(Photo: JHTV)

Tenacity, innovation and business savvy tend to go only so far when striving to commercialize early-stage research. Moving technology from lab to marketplace is more efficient with a collaborator who has complementary expertise.

The value of such a collaboration was on display on Nov. 2 as 100 researchers, scientists and innovation ecosystem builders streamed into Johns Hopkins Technology Ventures (JHTV) to hear Johnson & Johnson Innovation (JJI) discuss the many ways it accelerates innovation and facilitates collaborations between entrepreneurs and Johnson & Johnson’s global health care businesses.

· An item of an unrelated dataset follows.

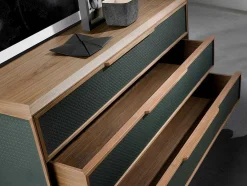 Angel Cerda Ladekast-Commode Van Pvc Donkergroen En Walnoot 7150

The half-day event showcased JJI’s business development, venture investment, incubation and R&D resources — which they designed to more quickly move promising health care innovations to those who need them. They also discussed best practices for collaborating with Johnson & Johnson Innovation and held one-on-one meetings to discuss opportunities with select attendees after the presentation.

“Collaboration is such a crucial component to the commercialization of innovations,” says FastForward program manager Megan Wahler. “The many ways Johnson & Johnson Innovation supports early-stage researchers ensures more promising health care technologies make it to the marketplace where they can improve quality of life.”

The promising early-stage science being developed at Johns Hopkins, the University of Maryland and across the region was a key reason that JJI presented at JHTV, says Eric Schaeffer Johnson & Johnson’s Senior Director of Scientific Innovation and Neuroscience. JJI typically holds between five and 10 of these events each year in locations with major research universities and emerging biotech communities.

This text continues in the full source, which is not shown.